LETTRICE di Simone Weil, Flannery O’ Connor fa dell’umiltà e del decentramento da sé una chiave politica per interpretare il «mistero» della realtà visibile e invisibile connesso a quello della libertà umana. Sa che il compimento ultimo non è nelle nostre mani. È necessario allargare la nostra ragione visionaria, punto di partenza di ogni azione creativa. Qui emerge una delle idee chiave del libro, cioè la capacità di rimpicciolirsi senza diminuirsi. Un’espressione che Wanda Tommasi riprende da Haim Baharier e che significa agire nell’umiltà della propria imperfezione e limitatezza senza sentirsi per questo sminuiti.

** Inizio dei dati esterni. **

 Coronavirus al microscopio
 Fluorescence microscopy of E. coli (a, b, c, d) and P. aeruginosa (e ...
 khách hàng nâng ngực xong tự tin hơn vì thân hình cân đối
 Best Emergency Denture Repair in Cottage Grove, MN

L’ultimo capitolo è dedicato al tema della perdita in Anna Maria Ortese. L’avventura della scrittura si apre da un evento tragico: la morte del fratello Emanuele. Interpretata quale «pensatrice del negativo», la sua espressività letteraria è attraversata da un dolore pieno di tenerezza verso tutto ciò che compone la trama del reale. La partecipazione compassionevole al dolore del mondo, le hanno messo di fronte le tracce di una realtà altra. Per lei si tratta di colmare quel vuoto con parole di luce, di fare della scrittura una benedizione.

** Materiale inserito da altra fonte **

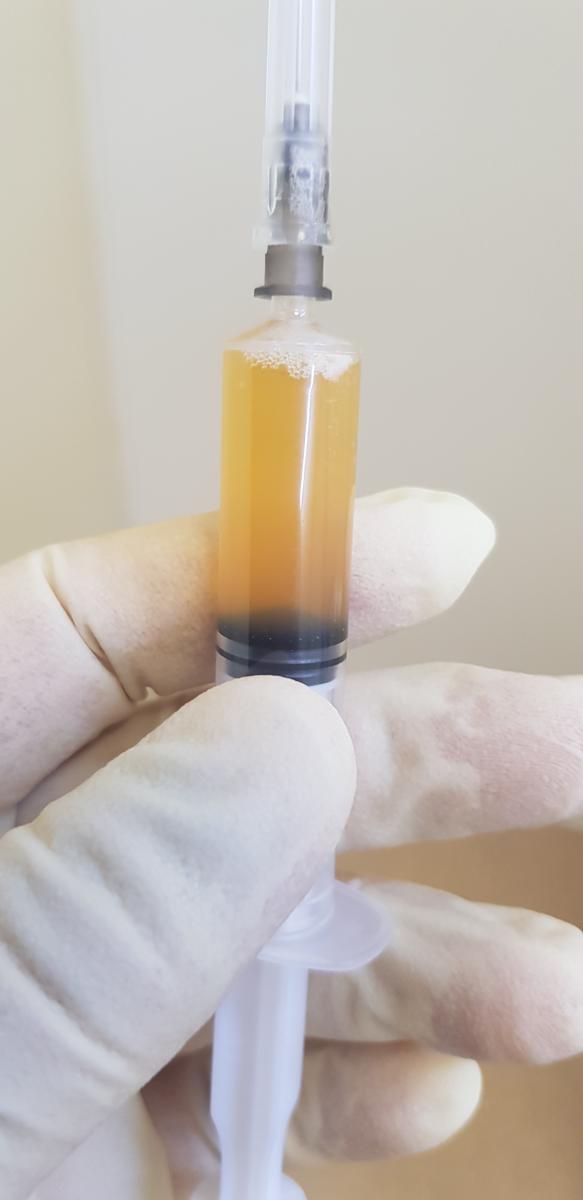 плазмалифтинг плазма крови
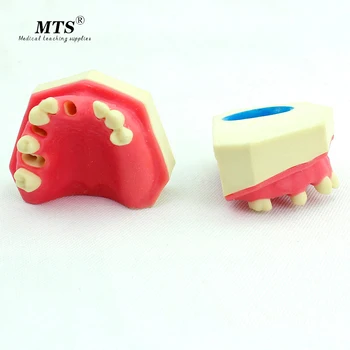 

Dental Model Oral Implantology Maxillary Teeth Bone Maxillary Sinus Dentition Implant Implant Dentist Anatomical Model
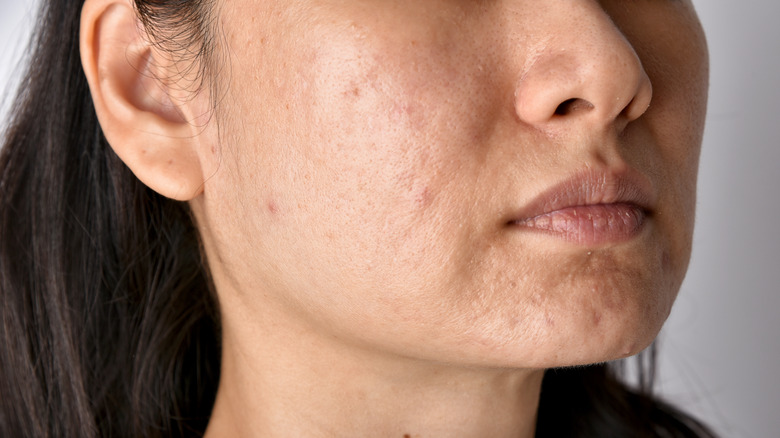 A woman has acne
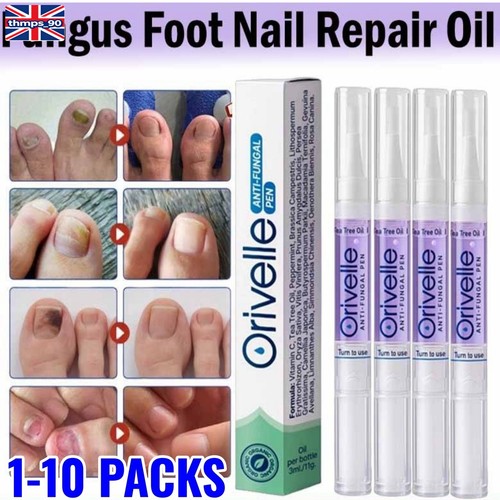 10pcs orivelle antifungal - 1-10pcs,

DA QUESTO EVENTO personale lo spostamento su un disagio metafisico diffuso, poiché la perdita pervade ogni dimensione. Perdita di un contatto vero con la natura, perdita del nostro sentire più profondo, perdita del senso più autentico del desiderio, perdita della realtà. La scrittura testimonia di questa perdita assoluta per qualcosa di irrecuperabile ma, nonostante questo, riesce, nell’incedere ritmico delle sue parole, a farsi canto, a trasformarsi in rispetto verso ogni forma di vita, agendo così un amore mistico per tutte le creature. La durezza del vivere non spegne la potenza dell’amore che, come giustamente nota Tommasi, non cancella ingiustizia e violenza, ma è capace di stare accanto.

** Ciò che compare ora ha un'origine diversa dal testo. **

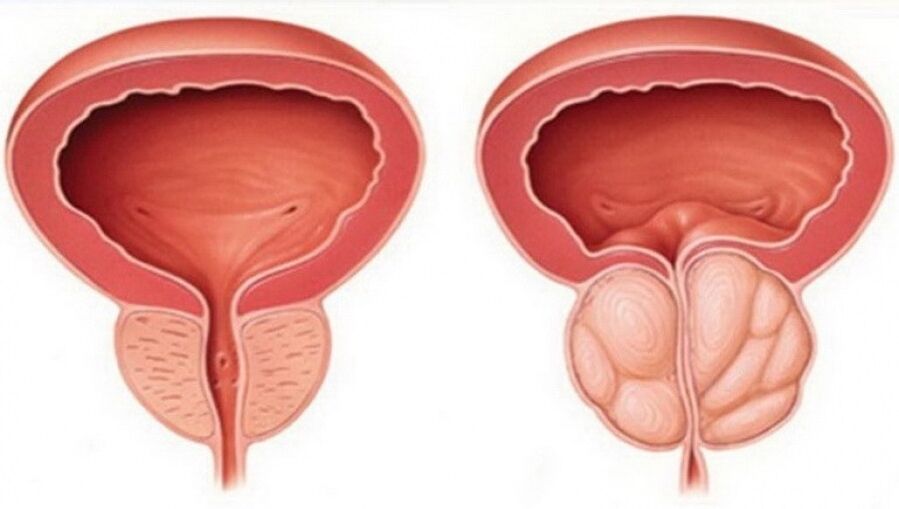 простатитпен сау және қабынған простата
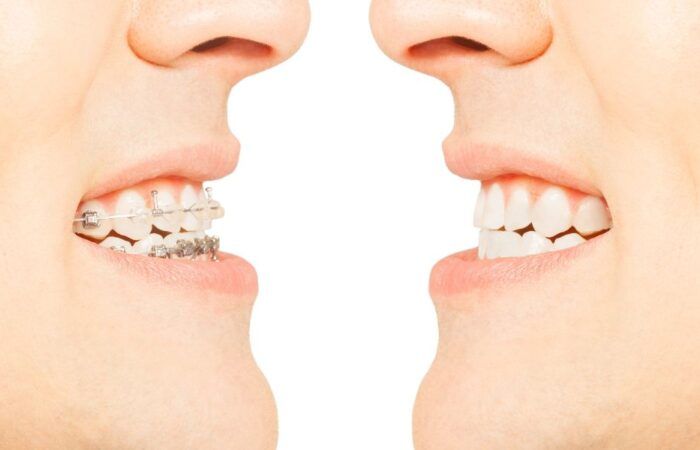 Clase I bfesteticadental imagen principal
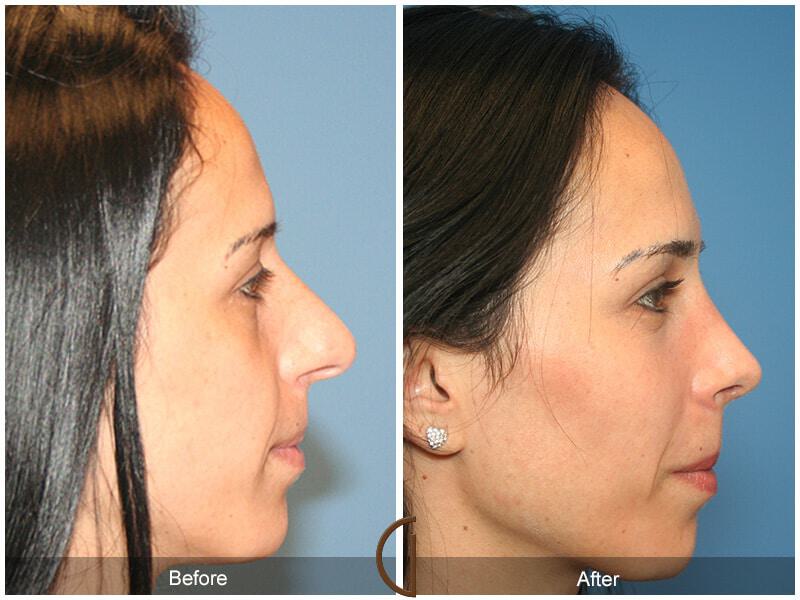 Female Rhinoplasty Before & After Photo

Qui ritorna la dimensione inaccessibile del mistero cui solo una fede incrollabile può dare qualche forma. «Credo in tutto ciò che non vedo», scrive Ortese, nella consapevolezza che la terra è abitata anche in modo invisibile. Ci si deve sporgere su una realtà spirituale più profonda per rimediare agli innumerevoli squilibri che l’umanità ha prodotto. Solo da qui è possibile intravedere che siamo stretti in un unico respiro, che ciascuno e ciascuna fa parte di questo respiro del mondo.

Incrociare lo sguardo delle sue bestie-angelo – l’iguana, il folletto, il puma – significa incontrare il divino ed esporsi all’esperienza di un’alterità assoluta. Il «genio femminile» nasce dall’angoscia scatenata nel sentire la potenza del patriarcato che blocca il respiro e la ricerca della propria alterità. Wanda Tommasi, con il suo lavoro, pone al femminismo italiano e non solo una domanda alla quale non si è ancora risposto con radicalità. Dove nasce l’odio per la madre? Il destino di queste scrittrici, ciascuna seguendo il proprio cammino, ci indica che è proprio dalla ferita mortale che si apre un varco per dire l’indicibile di sé e della propria madre.